Extended Data Fig. 2 Mutation plots for genes identified in rare single variant or URV burden analyses.
The upper panel shows the coding sequence of the respective genes, with the y-axis showing the −log10(P-value) for single variants. The lower panel shows the whole-gene domains colored by the −log10(P-value). Only variants and genes supported by replication are displayed. For variants identified in the rare single variant analysis, all variants with MAF < 0.05 are displayed; for genes identified in the URV burden analysis URVs are displayed (≤5 carriers). Association statistics were estimated using Firth’s logistic regression with profile penalized likelihood confidence intervals. P-values for the gene-based and domain-based tests are from the ACAT omnibus test combining the four variant filtering strategies (see Methods). P-values shown are from two-tailed tests and are presented uncorrected for multiple testing.
Extended Data Fig. 3 Ultra-rare variant burden analyses.

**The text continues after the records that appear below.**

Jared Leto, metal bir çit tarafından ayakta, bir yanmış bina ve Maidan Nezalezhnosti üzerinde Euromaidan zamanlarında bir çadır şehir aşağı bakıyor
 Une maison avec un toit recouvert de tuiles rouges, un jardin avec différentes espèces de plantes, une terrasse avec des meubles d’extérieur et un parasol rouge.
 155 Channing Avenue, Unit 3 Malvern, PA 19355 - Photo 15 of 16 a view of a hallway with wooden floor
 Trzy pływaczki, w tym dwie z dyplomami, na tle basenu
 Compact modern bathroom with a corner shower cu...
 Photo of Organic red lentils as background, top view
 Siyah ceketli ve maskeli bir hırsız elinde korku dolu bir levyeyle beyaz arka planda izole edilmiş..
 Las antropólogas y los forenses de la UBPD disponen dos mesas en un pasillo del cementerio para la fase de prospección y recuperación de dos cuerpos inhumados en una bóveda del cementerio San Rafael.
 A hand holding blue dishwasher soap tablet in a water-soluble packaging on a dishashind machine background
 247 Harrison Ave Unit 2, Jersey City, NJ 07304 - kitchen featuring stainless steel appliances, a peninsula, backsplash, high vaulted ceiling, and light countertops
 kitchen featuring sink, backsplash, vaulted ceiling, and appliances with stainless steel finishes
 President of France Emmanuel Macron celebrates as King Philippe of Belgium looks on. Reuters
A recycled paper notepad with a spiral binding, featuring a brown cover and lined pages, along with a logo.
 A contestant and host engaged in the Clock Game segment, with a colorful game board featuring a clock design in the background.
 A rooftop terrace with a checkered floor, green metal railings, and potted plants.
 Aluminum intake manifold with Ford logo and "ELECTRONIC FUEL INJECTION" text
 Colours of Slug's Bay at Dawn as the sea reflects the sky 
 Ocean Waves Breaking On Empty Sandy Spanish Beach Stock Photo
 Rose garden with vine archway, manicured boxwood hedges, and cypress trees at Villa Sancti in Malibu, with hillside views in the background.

a, Quantile-quantile (qq) plot of observed association −log10 (P-values) versus expected −log10 (P-values) under the null model for gene, domain and gene set analyses. b–d, Forest plots depicting odds-ratios (center) and 95% confidence intervals (error bars) of the exome-wide significant genes (b), domains (c) and gene sets (d). e–g, Significant associations were screened for technical biases arising from the inclusion of multiple case cohorts by testing for an association with cohort among ALS cases (e, gene-based analyses; f, domain-based analyses, g, gene-set analyses). h–j, Comparison of association P-values of ultra-rare gene burden analyses excluding INDELs (y-axis) compared to the main analysis including INDELs (x-axis) (h, gene-based analyses; i, domain-based analyses; j, gene-set analyses). k–m, Comparison of association P-values of ultra-rare gene burden analyses including high-impact variants only (y-axis) compared to including both moderate-impact and high-impact variants (x-axis) (k, gene-based analyses; l, domain-based analyses; m, gene-set analyses). Association statistics were estimated using Firth’s logistic regression with profile penalized likelihood confidence intervals. P-values for the gene-based, domain-based and gene set analyses are from the ACAT omnibus test combining the four variant filtering strategies (see Methods). P-values are two-tailed and are presented uncorrected for multiple testing.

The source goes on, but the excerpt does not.